BIM authoring tools are still immature in many aspects and will continue to be completed and enhanced for some time. The data modeling parts of the total building information model are especially incomplete and require a lot of setup and customization work to be useful. The architect or consulting engineer in a private design practice, primarily working with traditional design-bid project delivery methods, may not have much use for the data modeling aspects of BIM yet.

For instance, BIM promises to quickly generate material takeoffs and construction cost estimates directly from information in the 3D building model. But the material specification and cost information is not automatically added to the model as you build it. It’s up to the user to attach this information to the model. Interfaces to standard cost-estimating software and construction cost databases are becoming available.

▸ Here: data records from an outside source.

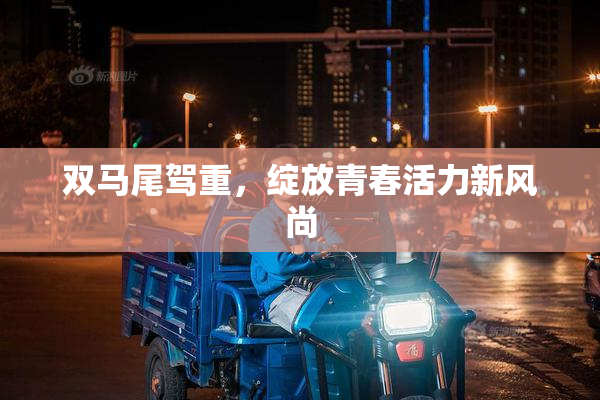 双马尾驾重，绽放青春活力新风尚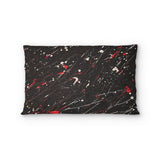 Edgar Red & Vintage Black Standard - cotton - White Backing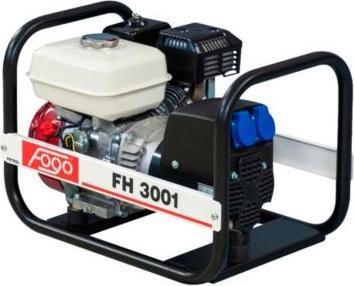 Actual product image Folke Larsen Fogo Generator 230V - Petrol, 3.0kw, Honda Engine, Danish Plug, FH3001
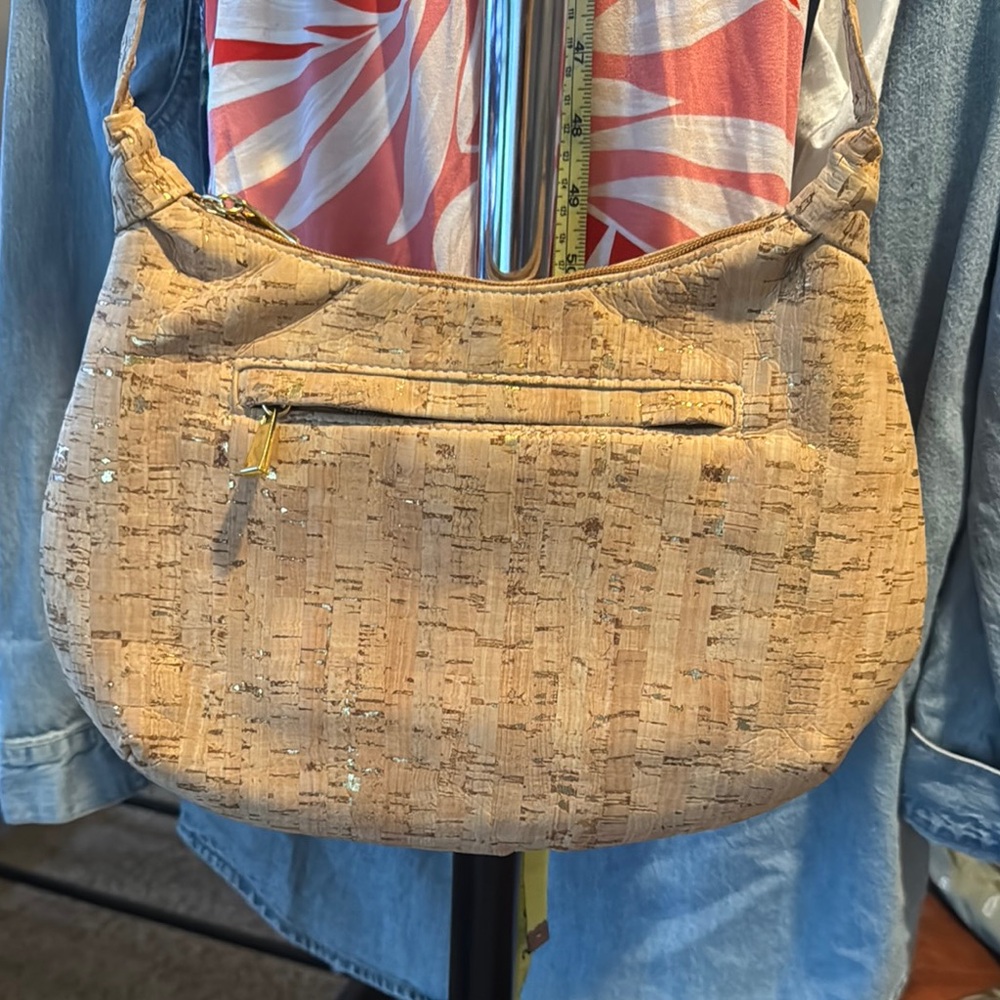 Cork Shoulder Bag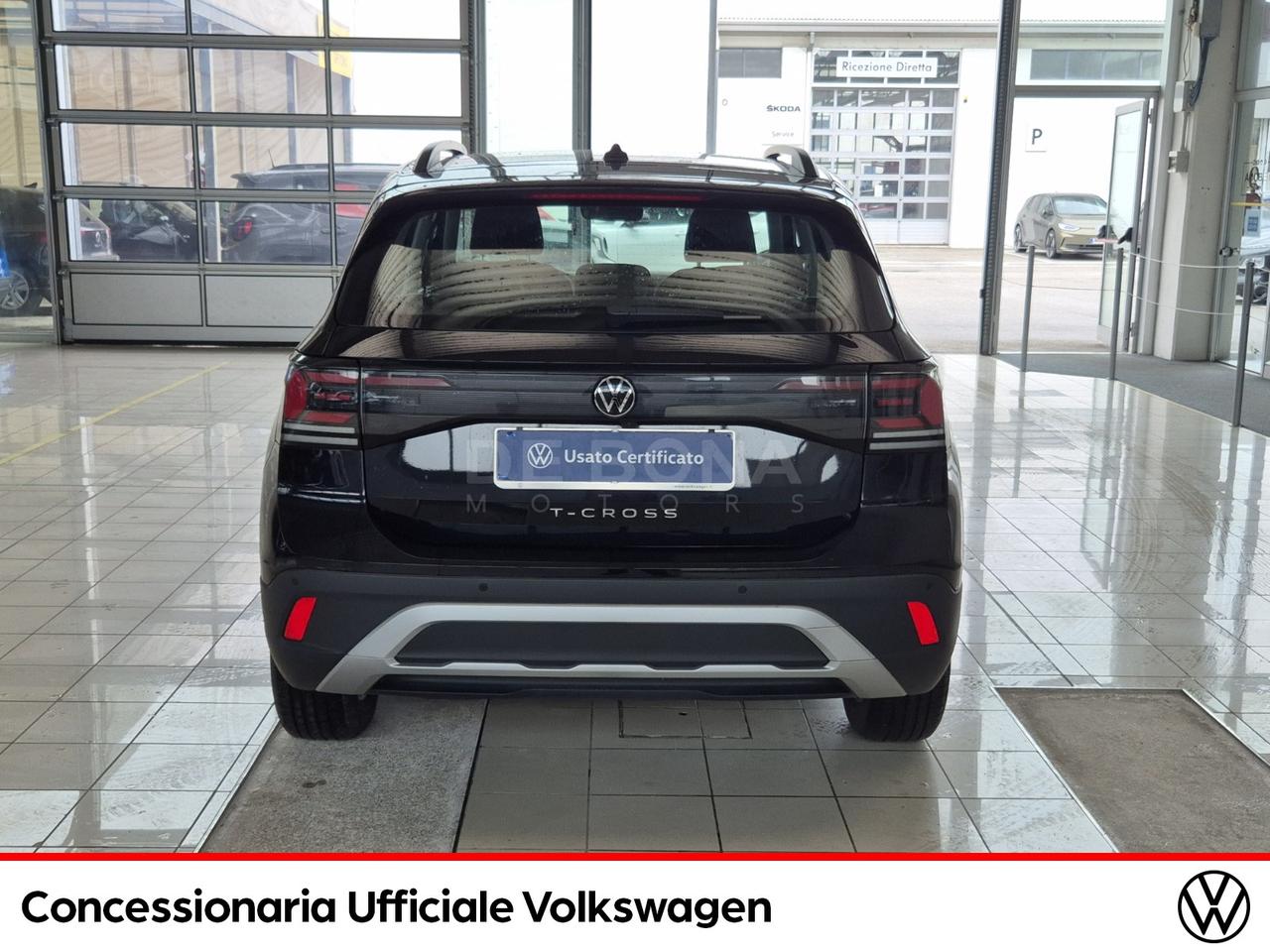 Volkswagen T-Cross 1.0 tsi life 95cv
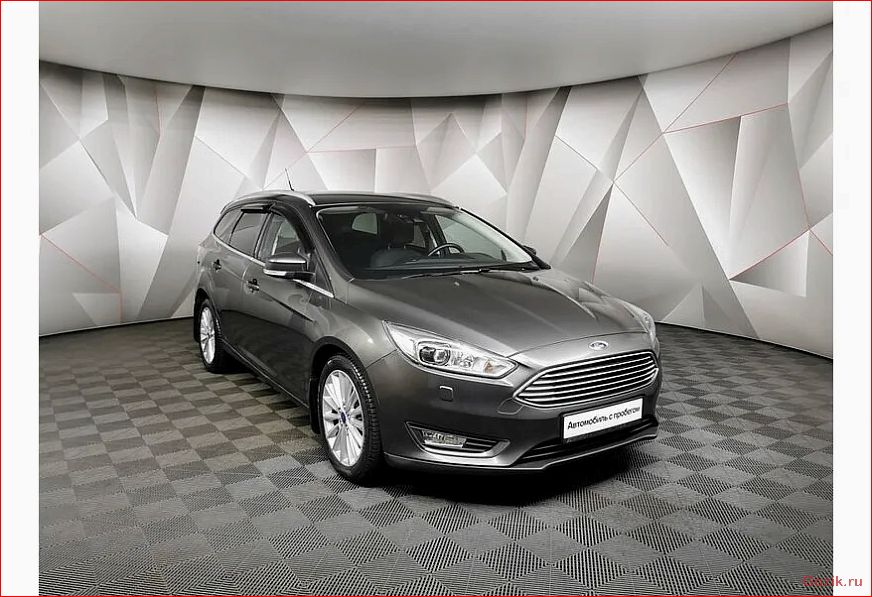 универсал, ford, focus, wagon, titanium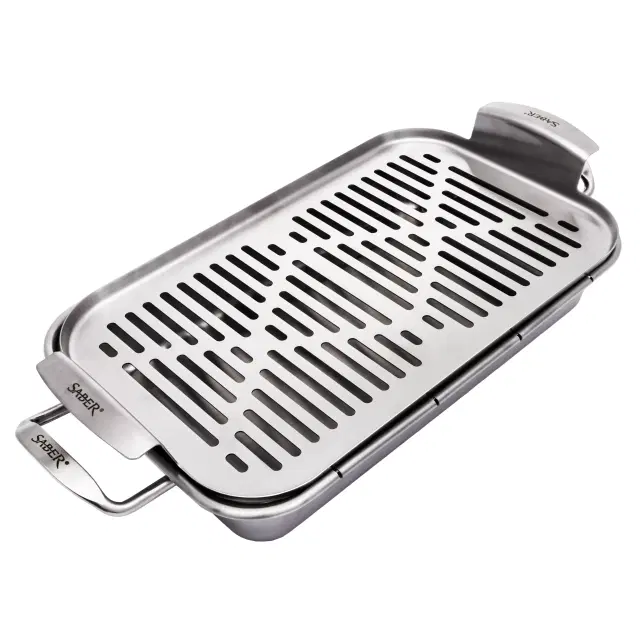 Stainless Steamer Tray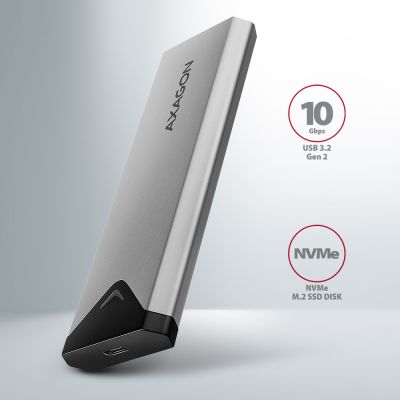 EEM2-UG2 USB-C 10Gbps - M.2 NVMe SSD SILVER ARROW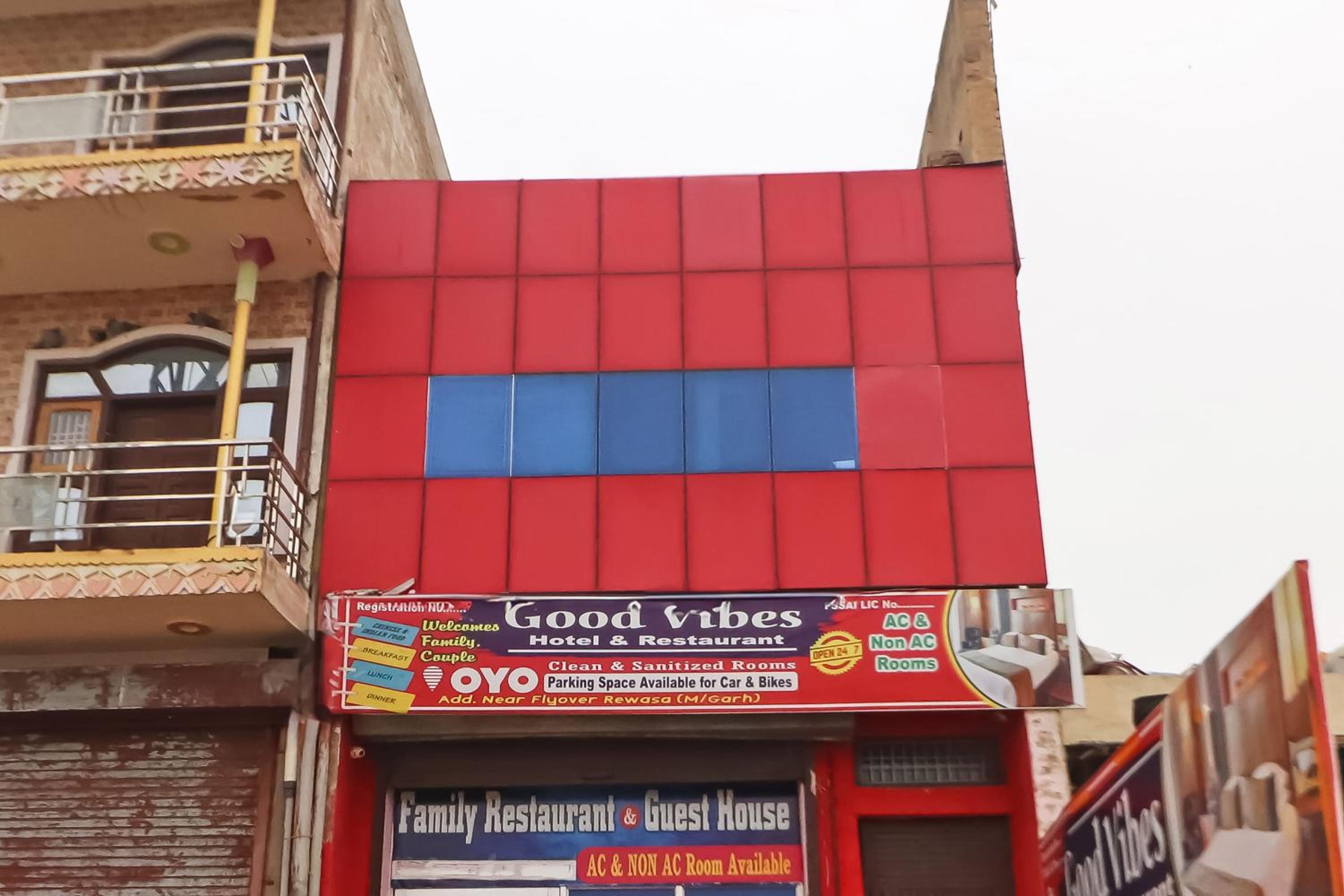 Hotel O Good Vibes Hotel And Restaurant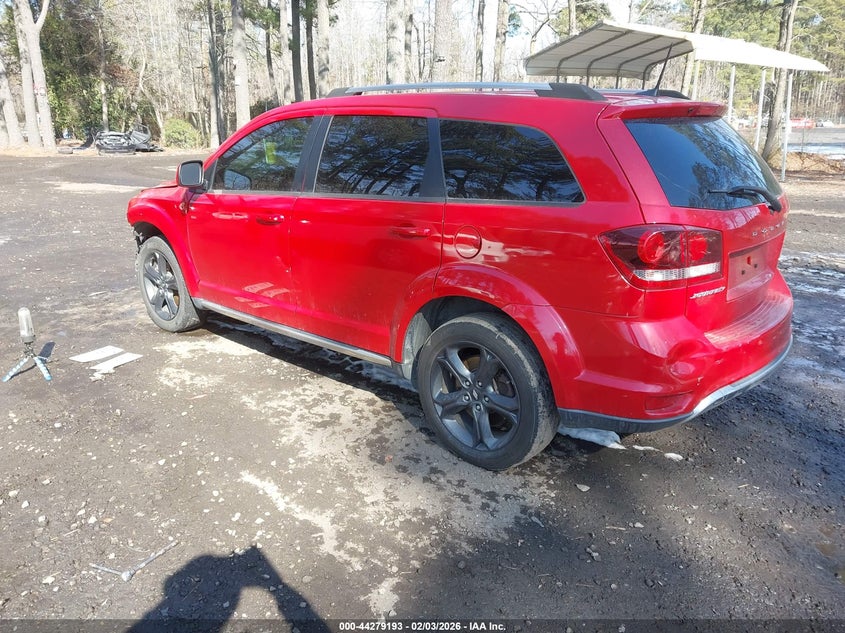 2018 Dodge Journey Crossroad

One uses IFC data from the virtual model and links to Timberline estimating software. However, most BIM authoring tools haven’t yet perfected their support of IFC data and links to external software. Most architectural firms do not have the in-house expertise to set up and maintain a full-blown cost-estimating system. Most will likely continue to use outside consultants for an accurate, detailed construction cost estimate when needed. Cost estimating based on information in the BIM database is probably most immediately applicable in a design-build practice that already employs construction personnel with cost-estimating experience.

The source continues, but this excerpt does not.